Extracted data entries:
Start of Block

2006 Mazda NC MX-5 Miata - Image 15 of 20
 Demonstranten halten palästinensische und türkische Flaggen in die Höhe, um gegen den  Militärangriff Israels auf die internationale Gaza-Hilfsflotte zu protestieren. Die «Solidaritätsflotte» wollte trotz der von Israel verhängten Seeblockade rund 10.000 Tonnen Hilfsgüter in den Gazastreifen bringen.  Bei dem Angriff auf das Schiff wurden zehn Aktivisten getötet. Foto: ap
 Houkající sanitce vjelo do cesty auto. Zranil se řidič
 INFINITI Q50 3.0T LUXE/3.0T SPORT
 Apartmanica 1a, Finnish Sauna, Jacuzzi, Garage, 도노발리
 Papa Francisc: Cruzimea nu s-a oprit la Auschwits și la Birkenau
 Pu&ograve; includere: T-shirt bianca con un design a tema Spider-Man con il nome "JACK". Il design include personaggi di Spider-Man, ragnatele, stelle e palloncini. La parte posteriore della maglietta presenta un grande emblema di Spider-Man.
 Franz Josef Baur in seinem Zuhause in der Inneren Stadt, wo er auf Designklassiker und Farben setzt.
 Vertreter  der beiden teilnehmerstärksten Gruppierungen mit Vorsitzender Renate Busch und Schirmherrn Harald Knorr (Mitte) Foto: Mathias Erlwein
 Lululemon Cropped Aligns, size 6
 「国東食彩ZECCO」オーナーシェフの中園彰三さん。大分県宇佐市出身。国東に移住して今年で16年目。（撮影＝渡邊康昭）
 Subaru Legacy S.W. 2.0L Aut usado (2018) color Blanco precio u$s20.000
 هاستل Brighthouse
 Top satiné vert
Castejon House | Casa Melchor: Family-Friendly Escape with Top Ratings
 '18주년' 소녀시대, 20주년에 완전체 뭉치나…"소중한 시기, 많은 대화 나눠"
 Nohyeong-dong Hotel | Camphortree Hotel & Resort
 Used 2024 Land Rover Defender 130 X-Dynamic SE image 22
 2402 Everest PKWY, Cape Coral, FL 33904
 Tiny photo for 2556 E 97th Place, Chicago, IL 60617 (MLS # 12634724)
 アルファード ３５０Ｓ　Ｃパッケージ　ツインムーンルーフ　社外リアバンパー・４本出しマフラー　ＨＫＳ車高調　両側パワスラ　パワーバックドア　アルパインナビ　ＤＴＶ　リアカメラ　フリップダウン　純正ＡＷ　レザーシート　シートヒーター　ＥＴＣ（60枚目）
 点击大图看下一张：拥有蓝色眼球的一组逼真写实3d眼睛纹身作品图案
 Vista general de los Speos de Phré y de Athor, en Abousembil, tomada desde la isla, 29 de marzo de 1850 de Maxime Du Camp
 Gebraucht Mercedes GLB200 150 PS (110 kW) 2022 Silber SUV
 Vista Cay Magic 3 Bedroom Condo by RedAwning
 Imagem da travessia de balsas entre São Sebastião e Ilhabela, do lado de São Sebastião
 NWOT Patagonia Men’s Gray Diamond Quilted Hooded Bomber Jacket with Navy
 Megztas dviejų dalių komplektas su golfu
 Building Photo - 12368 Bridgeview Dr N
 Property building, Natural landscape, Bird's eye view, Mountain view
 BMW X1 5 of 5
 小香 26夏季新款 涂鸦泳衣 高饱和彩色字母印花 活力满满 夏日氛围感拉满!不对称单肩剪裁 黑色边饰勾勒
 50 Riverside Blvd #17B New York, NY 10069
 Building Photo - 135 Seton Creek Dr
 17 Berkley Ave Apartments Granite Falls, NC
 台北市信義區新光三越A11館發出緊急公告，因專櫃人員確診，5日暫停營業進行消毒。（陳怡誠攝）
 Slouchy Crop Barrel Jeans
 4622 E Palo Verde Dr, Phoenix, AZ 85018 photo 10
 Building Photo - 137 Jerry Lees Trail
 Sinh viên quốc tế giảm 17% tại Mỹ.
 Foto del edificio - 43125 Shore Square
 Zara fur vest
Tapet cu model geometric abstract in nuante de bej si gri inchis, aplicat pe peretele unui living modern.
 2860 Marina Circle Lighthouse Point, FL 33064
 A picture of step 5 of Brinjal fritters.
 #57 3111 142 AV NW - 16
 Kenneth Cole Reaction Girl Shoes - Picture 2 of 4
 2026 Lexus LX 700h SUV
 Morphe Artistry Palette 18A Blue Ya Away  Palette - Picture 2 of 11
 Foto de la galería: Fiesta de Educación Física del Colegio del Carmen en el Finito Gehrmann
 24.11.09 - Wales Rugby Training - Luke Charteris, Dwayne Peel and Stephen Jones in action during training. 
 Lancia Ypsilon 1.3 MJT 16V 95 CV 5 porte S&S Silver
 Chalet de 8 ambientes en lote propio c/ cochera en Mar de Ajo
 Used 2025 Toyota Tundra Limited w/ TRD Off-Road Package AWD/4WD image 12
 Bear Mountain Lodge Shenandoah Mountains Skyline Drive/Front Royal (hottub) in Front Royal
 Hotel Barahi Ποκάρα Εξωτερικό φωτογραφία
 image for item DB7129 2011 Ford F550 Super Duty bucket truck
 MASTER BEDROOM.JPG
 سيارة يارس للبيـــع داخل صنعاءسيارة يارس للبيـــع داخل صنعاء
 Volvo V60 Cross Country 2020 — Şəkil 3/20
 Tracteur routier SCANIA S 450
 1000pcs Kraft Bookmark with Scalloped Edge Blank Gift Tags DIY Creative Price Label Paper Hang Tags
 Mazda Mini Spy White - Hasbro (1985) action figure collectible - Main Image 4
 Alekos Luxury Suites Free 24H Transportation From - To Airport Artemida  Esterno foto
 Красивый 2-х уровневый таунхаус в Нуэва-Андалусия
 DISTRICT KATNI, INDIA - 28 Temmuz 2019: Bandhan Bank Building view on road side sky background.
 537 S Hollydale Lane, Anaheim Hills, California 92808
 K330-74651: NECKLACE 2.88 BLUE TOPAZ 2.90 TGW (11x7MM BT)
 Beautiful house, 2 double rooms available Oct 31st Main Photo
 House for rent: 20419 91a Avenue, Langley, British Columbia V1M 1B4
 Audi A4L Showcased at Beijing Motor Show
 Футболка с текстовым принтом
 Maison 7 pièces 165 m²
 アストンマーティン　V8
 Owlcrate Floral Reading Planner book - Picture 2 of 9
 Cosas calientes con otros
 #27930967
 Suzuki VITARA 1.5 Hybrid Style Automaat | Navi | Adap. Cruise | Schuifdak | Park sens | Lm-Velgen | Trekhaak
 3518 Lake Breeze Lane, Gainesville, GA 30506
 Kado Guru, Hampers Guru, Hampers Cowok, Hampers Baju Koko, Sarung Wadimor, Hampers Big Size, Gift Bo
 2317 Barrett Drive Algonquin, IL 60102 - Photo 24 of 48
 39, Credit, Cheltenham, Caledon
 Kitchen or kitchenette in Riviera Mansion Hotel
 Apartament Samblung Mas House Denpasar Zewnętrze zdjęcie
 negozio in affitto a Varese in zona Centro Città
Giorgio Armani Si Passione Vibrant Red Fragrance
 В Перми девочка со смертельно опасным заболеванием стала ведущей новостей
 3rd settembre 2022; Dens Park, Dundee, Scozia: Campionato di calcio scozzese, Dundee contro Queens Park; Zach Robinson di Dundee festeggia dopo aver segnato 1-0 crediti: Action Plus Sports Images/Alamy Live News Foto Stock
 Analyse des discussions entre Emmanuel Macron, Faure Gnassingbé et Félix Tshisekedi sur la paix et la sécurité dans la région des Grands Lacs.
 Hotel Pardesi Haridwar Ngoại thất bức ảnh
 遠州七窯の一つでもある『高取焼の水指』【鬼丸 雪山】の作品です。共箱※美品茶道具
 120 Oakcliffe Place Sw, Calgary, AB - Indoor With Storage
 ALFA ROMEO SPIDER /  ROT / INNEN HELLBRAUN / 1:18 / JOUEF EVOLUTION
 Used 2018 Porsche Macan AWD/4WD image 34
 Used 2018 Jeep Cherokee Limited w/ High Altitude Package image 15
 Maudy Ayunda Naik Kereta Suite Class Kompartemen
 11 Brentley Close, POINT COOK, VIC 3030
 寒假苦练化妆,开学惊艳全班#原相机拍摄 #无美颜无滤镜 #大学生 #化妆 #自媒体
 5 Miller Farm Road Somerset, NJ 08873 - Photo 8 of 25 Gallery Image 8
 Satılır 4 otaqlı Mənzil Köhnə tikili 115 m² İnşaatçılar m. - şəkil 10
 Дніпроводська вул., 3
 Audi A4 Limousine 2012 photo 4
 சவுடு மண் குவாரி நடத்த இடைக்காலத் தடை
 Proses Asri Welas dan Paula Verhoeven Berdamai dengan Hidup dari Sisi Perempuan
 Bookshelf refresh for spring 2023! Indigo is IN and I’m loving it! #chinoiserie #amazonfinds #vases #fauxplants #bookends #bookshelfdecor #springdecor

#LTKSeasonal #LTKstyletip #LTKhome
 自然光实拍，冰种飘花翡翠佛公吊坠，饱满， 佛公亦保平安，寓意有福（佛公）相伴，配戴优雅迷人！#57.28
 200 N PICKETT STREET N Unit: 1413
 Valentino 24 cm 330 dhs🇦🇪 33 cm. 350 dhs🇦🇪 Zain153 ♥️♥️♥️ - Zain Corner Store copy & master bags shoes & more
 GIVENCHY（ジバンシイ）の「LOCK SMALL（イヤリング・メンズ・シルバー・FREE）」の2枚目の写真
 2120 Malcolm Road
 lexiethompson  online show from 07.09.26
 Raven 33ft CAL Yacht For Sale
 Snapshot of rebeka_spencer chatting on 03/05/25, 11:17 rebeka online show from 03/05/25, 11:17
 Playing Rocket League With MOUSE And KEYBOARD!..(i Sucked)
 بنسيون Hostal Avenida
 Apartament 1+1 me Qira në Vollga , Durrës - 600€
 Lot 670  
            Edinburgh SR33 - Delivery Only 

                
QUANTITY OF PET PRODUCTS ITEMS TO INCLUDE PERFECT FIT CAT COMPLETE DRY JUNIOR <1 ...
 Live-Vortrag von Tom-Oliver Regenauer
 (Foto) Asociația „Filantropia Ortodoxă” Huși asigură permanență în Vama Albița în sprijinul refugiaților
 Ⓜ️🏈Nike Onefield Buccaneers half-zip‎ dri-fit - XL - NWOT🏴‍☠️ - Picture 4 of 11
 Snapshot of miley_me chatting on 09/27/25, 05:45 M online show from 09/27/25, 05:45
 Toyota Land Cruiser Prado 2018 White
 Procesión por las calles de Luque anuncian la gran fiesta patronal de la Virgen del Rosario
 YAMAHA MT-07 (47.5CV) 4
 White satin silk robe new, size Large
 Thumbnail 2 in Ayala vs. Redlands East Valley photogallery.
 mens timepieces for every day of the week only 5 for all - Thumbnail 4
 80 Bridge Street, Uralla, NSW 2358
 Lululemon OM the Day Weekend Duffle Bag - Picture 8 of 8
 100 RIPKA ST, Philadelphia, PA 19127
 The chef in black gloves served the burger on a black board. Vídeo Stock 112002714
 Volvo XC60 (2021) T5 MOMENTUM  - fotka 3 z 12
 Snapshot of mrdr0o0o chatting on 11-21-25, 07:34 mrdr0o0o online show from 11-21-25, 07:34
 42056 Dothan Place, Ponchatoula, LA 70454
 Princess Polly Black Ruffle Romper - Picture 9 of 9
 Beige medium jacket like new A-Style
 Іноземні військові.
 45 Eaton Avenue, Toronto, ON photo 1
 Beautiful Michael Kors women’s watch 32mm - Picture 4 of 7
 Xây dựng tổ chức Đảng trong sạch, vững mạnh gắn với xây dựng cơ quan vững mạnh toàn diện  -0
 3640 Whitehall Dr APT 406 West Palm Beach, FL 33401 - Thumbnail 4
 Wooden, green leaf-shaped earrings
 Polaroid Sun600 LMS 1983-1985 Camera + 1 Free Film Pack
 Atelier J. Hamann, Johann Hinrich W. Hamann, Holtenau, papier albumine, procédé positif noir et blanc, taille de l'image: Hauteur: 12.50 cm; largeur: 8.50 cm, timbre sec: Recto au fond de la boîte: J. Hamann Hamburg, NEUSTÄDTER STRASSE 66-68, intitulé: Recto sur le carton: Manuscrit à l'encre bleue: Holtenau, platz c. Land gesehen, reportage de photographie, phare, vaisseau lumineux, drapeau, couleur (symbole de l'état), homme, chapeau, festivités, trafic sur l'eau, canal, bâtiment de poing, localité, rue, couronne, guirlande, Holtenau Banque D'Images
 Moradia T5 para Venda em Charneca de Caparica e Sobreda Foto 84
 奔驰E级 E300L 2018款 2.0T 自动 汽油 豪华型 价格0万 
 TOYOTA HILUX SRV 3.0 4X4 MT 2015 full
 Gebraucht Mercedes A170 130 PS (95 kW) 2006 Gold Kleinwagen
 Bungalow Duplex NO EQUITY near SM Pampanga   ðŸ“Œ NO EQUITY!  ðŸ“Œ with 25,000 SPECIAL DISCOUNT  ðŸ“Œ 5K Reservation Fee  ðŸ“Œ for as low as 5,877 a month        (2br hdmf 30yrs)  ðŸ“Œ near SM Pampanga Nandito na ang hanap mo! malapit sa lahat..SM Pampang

End of Block

### WHAT IS REQUIRED
Starting at the line with "奔驰E级 E300L 2018款 2.0T 自动 汽油 豪华型 价格0万", copy every line up to and including the last one in the entries above.

### EXERCISE SOLUTION
 奔驰E级 E300L 2018款 2.0T 自动 汽油 豪华型 价格0万 
 TOYOTA HILUX SRV 3.0 4X4 MT 2015 full
 Gebraucht Mercedes A170 130 PS (95 kW) 2006 Gold Kleinwagen
 Bungalow Duplex NO EQUITY near SM Pampanga   ðŸ“Œ NO EQUITY!  ðŸ“Œ with 25,000 SPECIAL DISCOUNT  ðŸ“Œ 5K Reservation Fee  ðŸ“Œ for as low as 5,877 a month        (2br hdmf 30yrs)  ðŸ“Œ near SM Pampanga Nandito na ang hanap mo! malapit sa lahat..SM Pampang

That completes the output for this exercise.